📌 Introdução
Abril terminou embalado por anúncios, vídeos institucionais e discursos sobre uma “nova” Política Nacional de Segurança do Paciente.
Nos auditórios, compromisso.
Nas redes sociais, celebração.
Nos bastidores, pactuação.
Mas entre corredores lotados, equipes sobrecarregadas e pacientes ainda expostos a danos evitáveis, uma pergunta permanece desconfortavelmente viva:
👉 o que realmente existe de novo?
Porque o Brasil não está começando agora.
Desde 2013, o país já possui o Programa Nacional de Segurança do Paciente (PNSP), instituído pela Portaria nº 529/2013 e fortalecido pela RDC nº 36 da ANVISA.
Há mais de uma década existem:
- protocolos nacionais;
- metas de segurança;
- Núcleos de Segurança do Paciente;
- sistemas de notificação;
- diretrizes regulatórias.
Então talvez o maior problema nunca tenha sido a ausência de política.
Talvez o problema tenha sido algo muito mais difícil:
👉 transformar discurso em estrutura.
🏥 O Brasil já tem política.
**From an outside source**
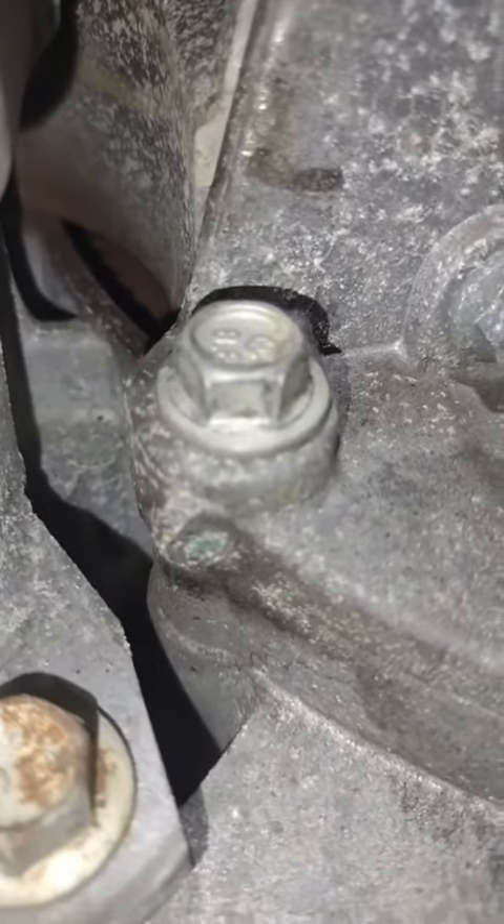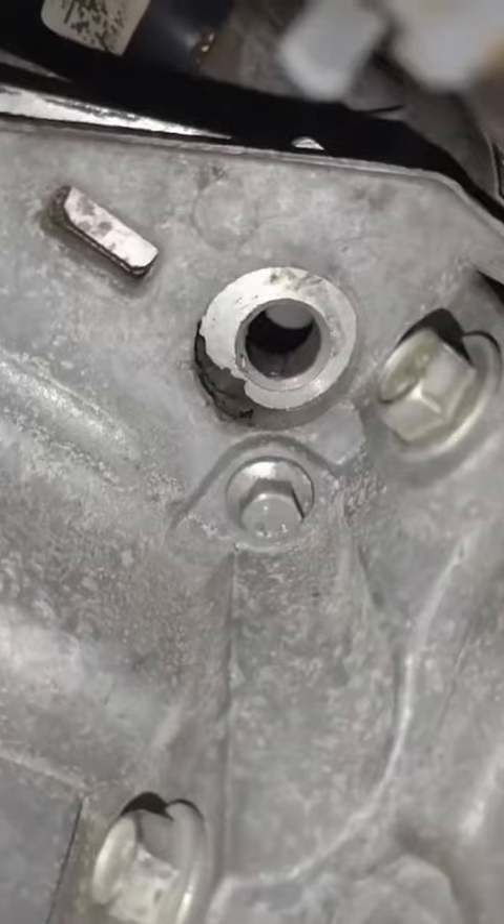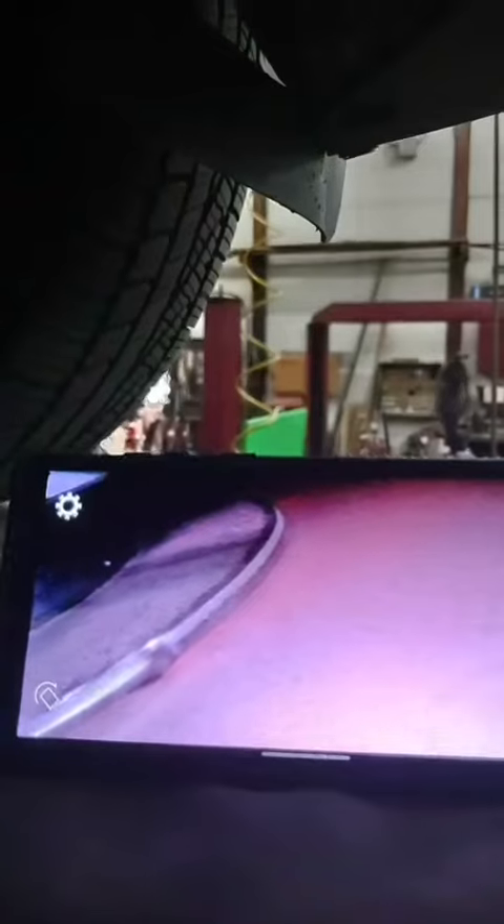Gotta jiggle the ratchet just right — hear that? Sounding and looking like it's the flex plate. Not going to go as far as pulling the starter or dropping the oil pan — got a bore scope and found access through this little hole. Round and round she goes. Looks like there's a little hairline crack there, and definitely a crack right there. That right there definitely proves she needs a flex plate.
O que falta é consequência.
Na prática, boa parte dos hospitais brasileiros ainda vive uma contradição silenciosa.
Existe protocolo no papel.
Mas falta gente.
Existe meta institucional.
Mas falta financiamento.
Existe campanha de segurança.
Mas falta tempo para executar o básico.
Existe notificação.
Mas ainda impera medo, punição e cultura de culpa.
Existe Núcleo de Segurança do Paciente.
Mas muitos NSPs seguem sem autonomia, sem equipe dedicada, sem poder de decisão e, em vários casos, funcionando quase como setores burocráticos de preenchimento de planilhas.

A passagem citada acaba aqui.